5/17/2005

After several months of widening tension between John Sweeney and union leaders calling for a more aggressive, broader-based organizing vision more like the one that's been winning in from Los Angeles to New Haven, Andy Stern and Bruce Raynor yesterday explicitly ruled out another term with Sweeney at the helm of the AFL-CIO as an acceptable vehicle for change:
Asserting that sweeping change was needed to revive the labor movement, the union leader, Andrew L. Stern, president of the Service Employees International Union, said Mr. Sweeney was not the person to bring about bold change. "We need to make far-reaching changes and have a leader committed to such changes, and that leader is not John Sweeney," said Mr. Stern, whose union represents more than 1.7 million workers...Yesterday, Mr. Stern joined the leaders of four other major unions - the Teamsters, the laborers, the food and commercial workers, and the hotel, restaurant and apparel workers union, Unite Here - in endorsing a platform that calls for overhauling the A.F.L.-C.I.O. The platform proposes nearly tripling the amount that the 13-million-member federation spends on unionization efforts... In an interview, Mr.
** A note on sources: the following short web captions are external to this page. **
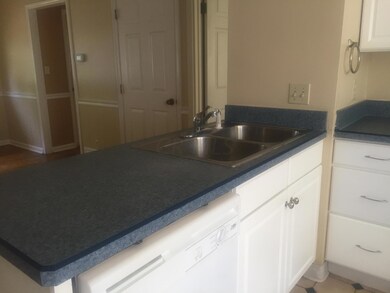 5712 Satinwood Dr, Columbus, OH 43229 - photo 7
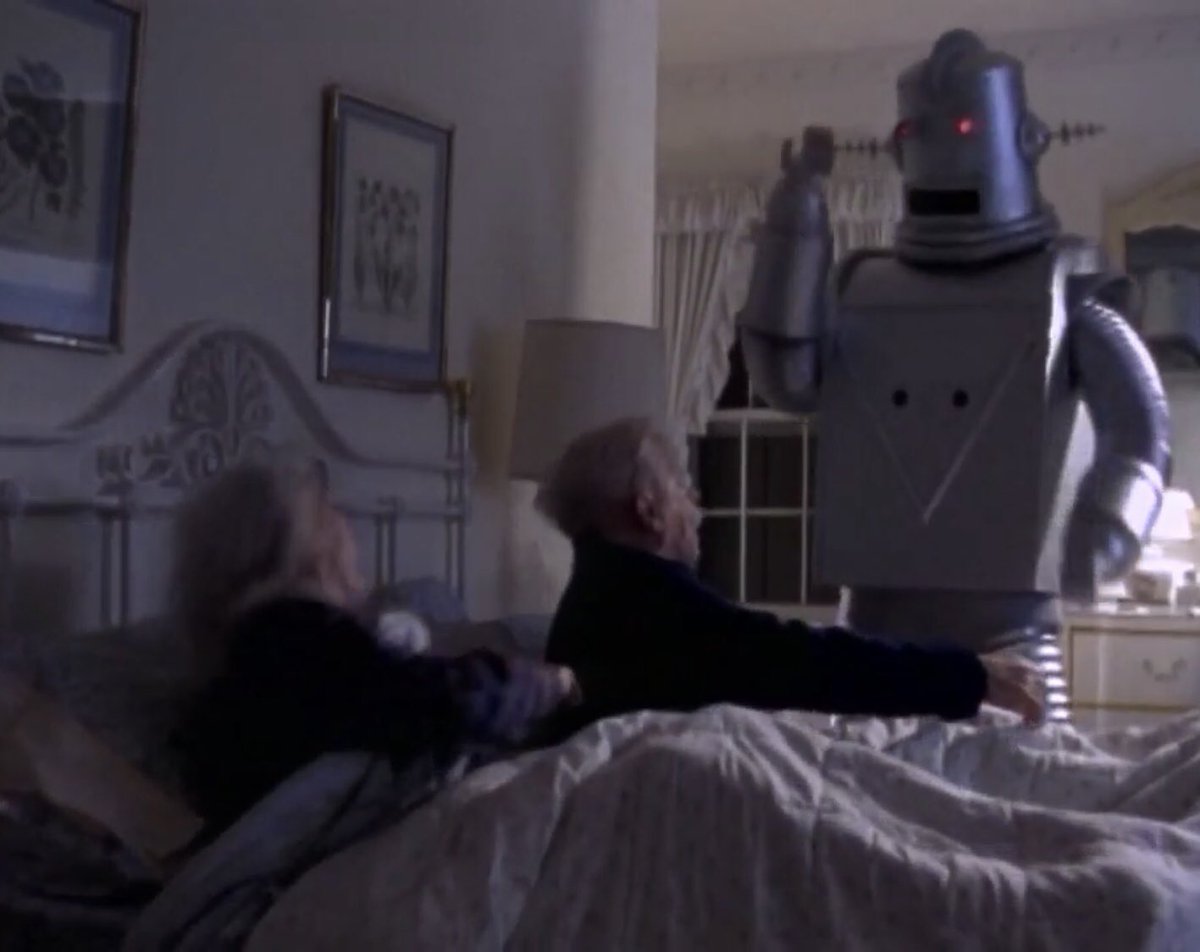 pulmyears's tweet photo. Caravan panic is aimed at seniors who fear that robots are stealing their medicines. #OldGloryInsurance #SNL https://t.co/nTIDo7N7zj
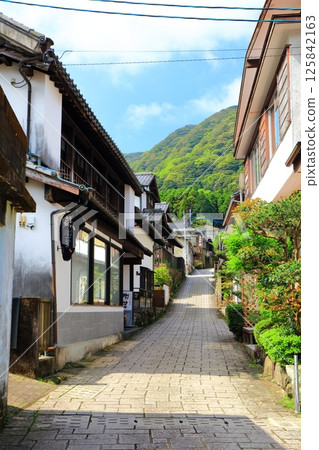 [佐賀郡] 晴天的大河內山街道（阪間坂）的伊凡裡鍋島燒 125842163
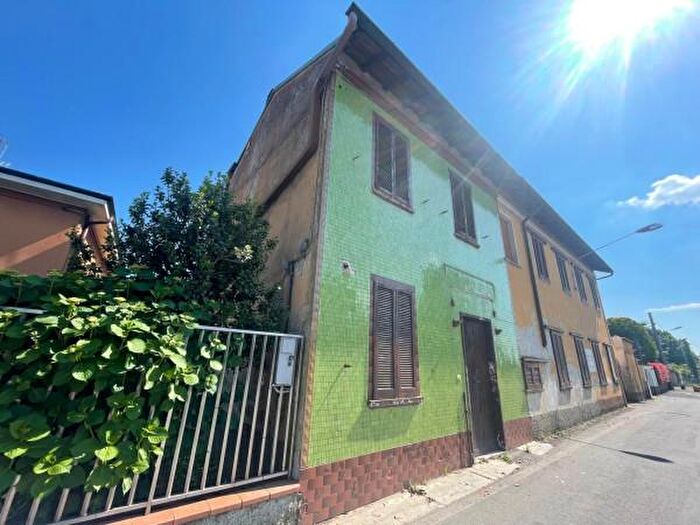 Casa trilocale in vendita in Via Settemb, Arconate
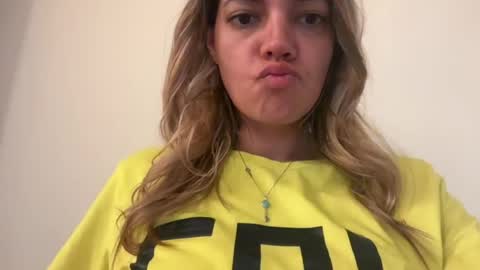 Snapshot of prettyyykittyyy22 chatting on 07.04.26 prettyyykittyyy22 online show from 07.04.26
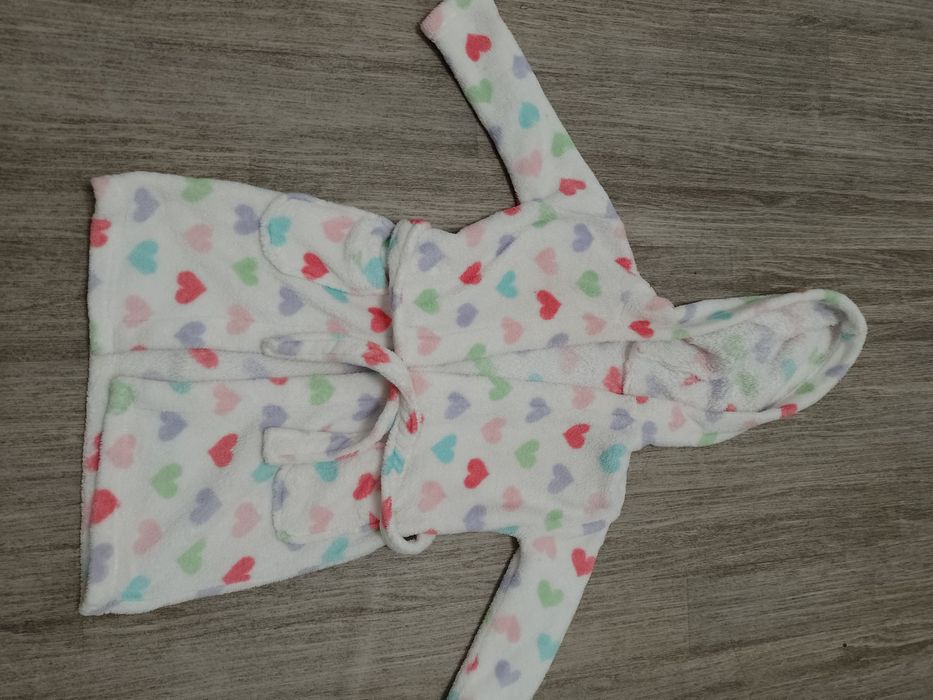 Sprzedam szlafrok dla dziecka wzrost 104 cm.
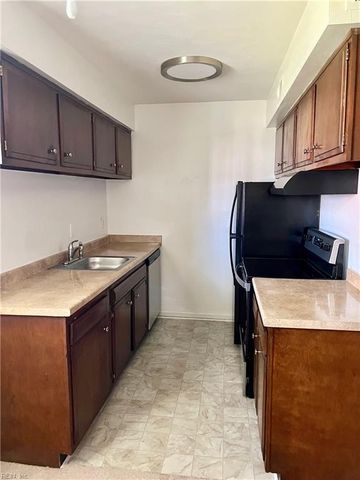 1307 Cypress Ave Apt 103, Virginia Beach, VA 23451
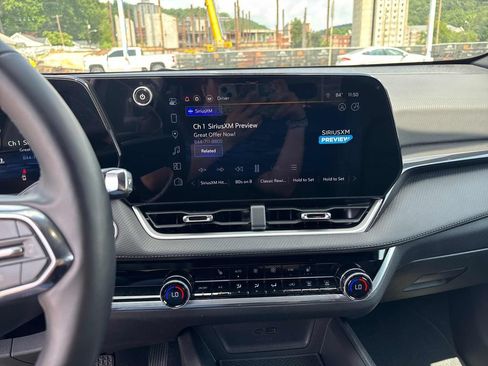 Used 2025 Chevrolet Equinox LT w/ Convenience Package II AWD/4WD image 16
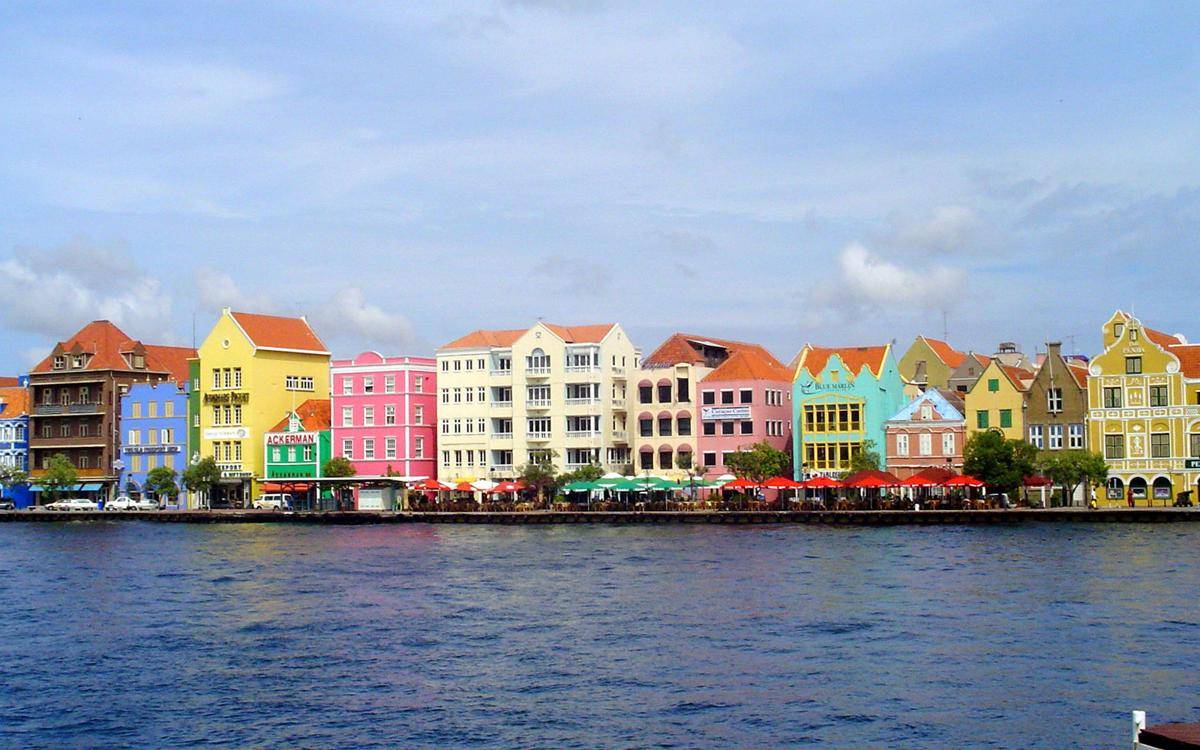 https://cdn.idntimes.com/content-images/post/20171027/willemstad-eb0ff773fd029c66440810860dc25de8.jpg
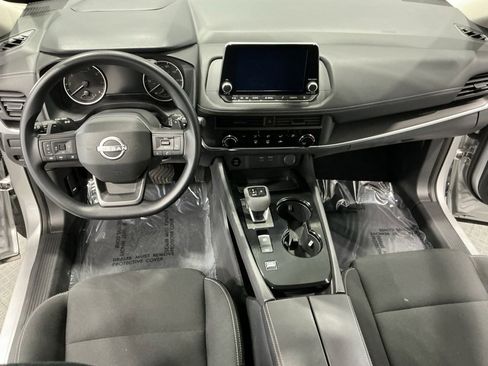 Used 2025 Nissan Rogue S image 13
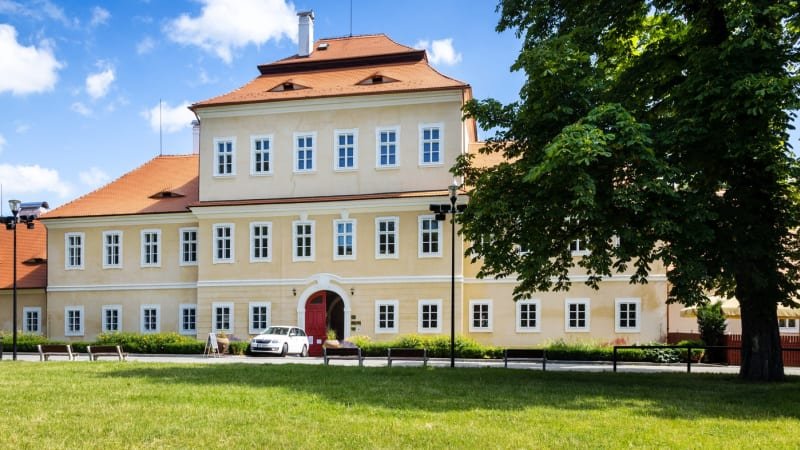 Sex v zámeckém parku v Litvínově: Pár souložil před zraky kolemjdoucích, hrozí mu vězení Sex v zámeckém parku v Litvínově: Pár souložil před zraky kolemjdoucích, hrozí mu vězení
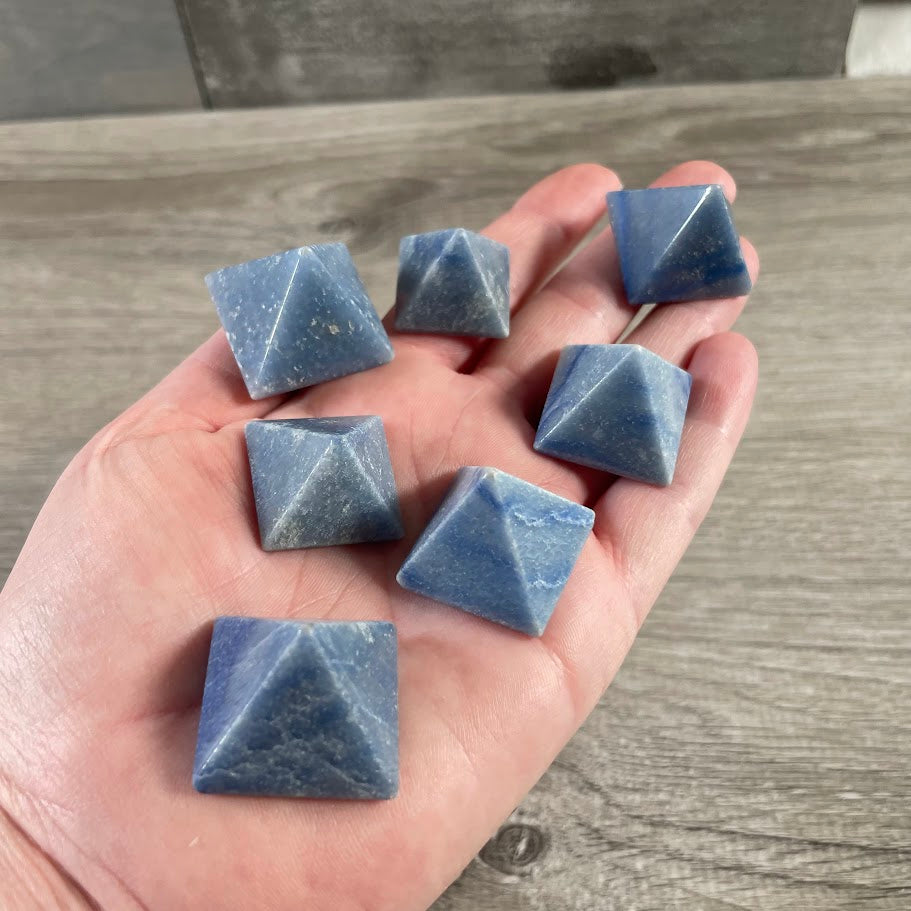 blue quartz small crystal pyramid for gift shop display for bulk orders 
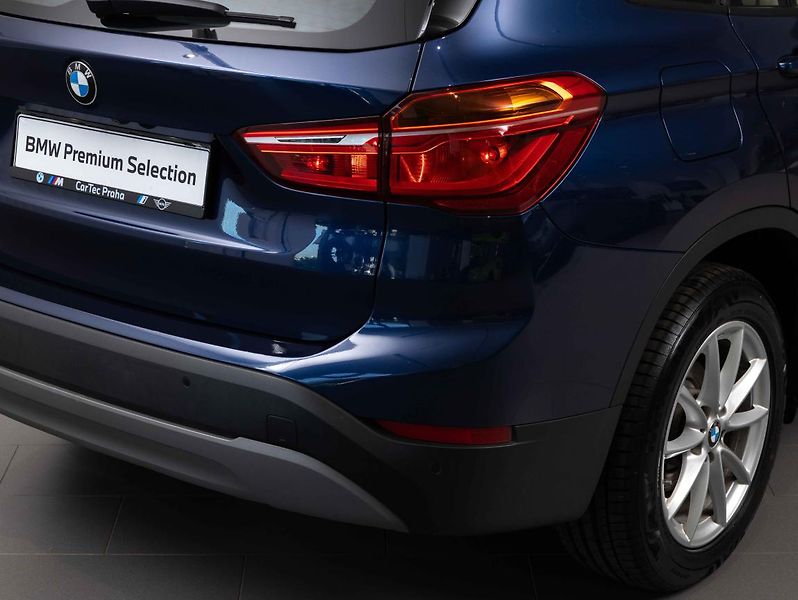BMW X1 sDrive 18i - fotka 9 z 21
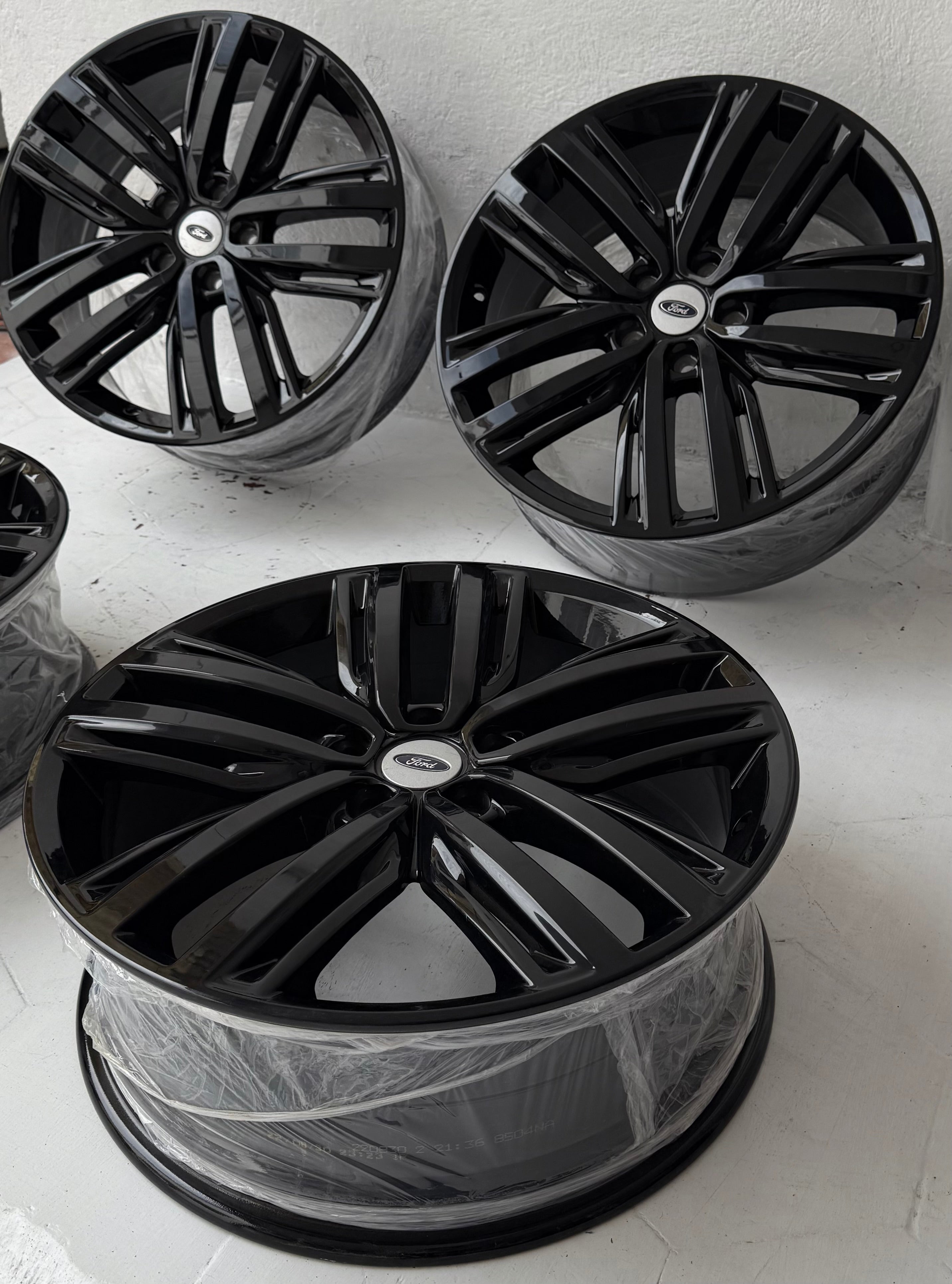 4 Rines Nuevos 19” Ford Mustang y Explorer – 5×114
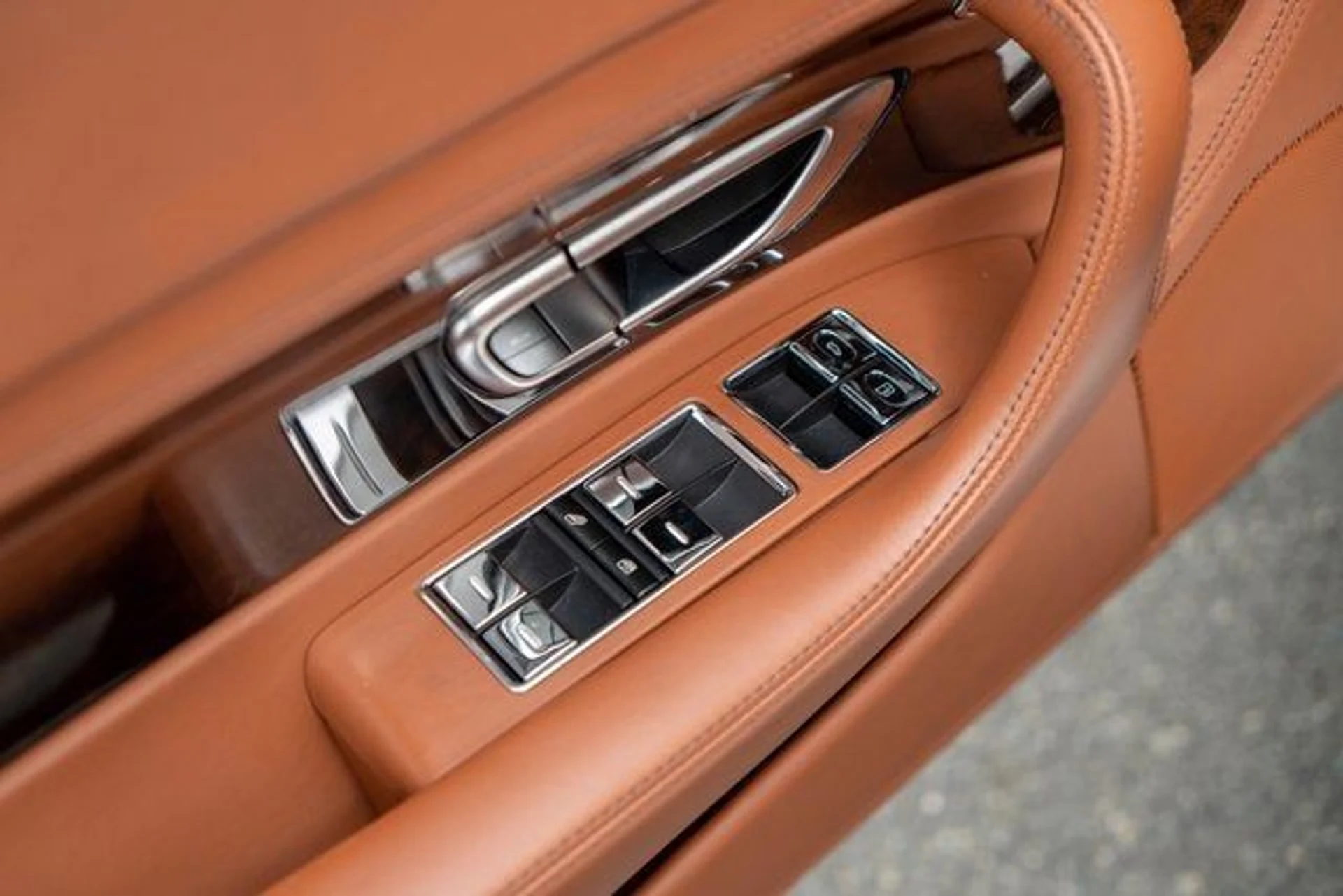 mph014_1834824336_15_5d47cce12c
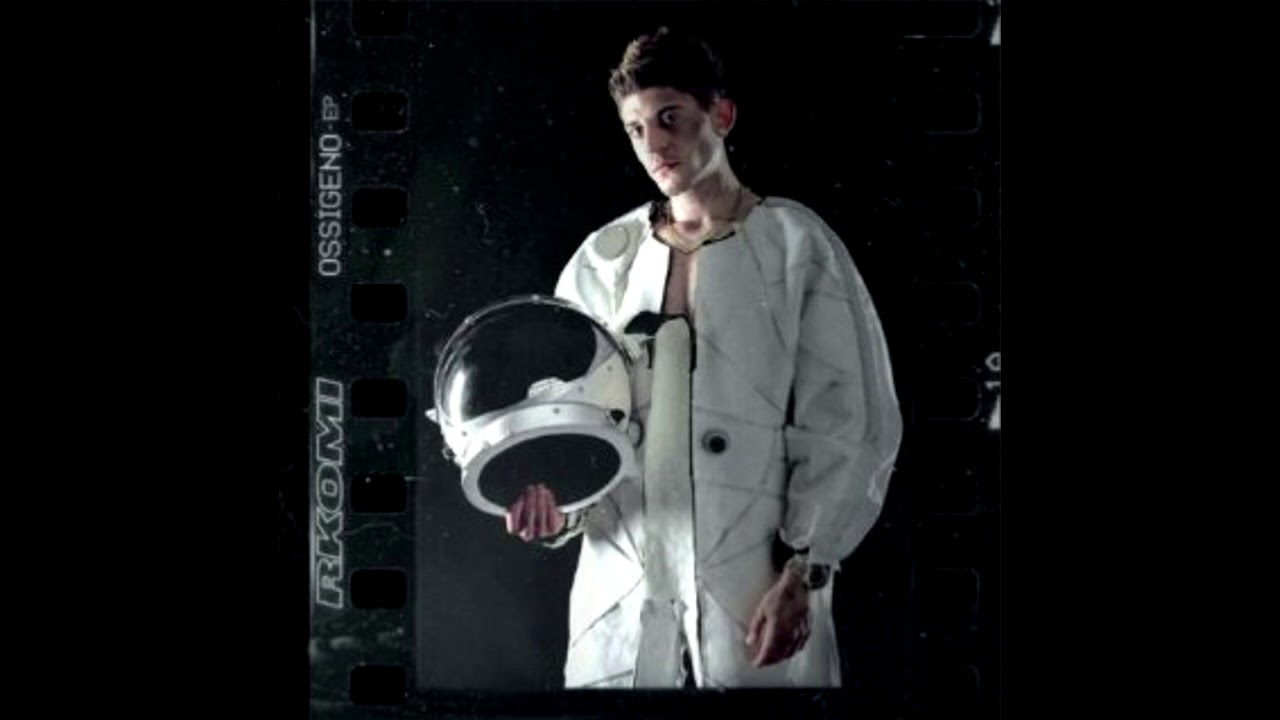 Rkomi - Acqua Calda e Limone (feat. Ernia)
Stern indicated that his union would stay in the A.F.L.-C.I.O. if labor leaders elected a challenger committed to broad changes to help unions grow...Saying he is the best candidate to push labor forward and unite it, Mr. Sweeney has said he has no intention of being pressured into retiring. "At a moment when workers are under severe attack, it's time to work together as never before to build and strengthen our movement," he said in a statement. "It's certainly no time for ultimatums." Mr. Stern said he would support John W. Wilhelm, president of Unite Here's hospitality division, if he challenged Mr. Sweeney. But Mr. Wilhelm has voiced doubts about running because unions with only 35 percent of the federation's membership support him. Several Wilhelm supporters said that if he declined to run, they would support Terence O'Sullivan, the laborers' president.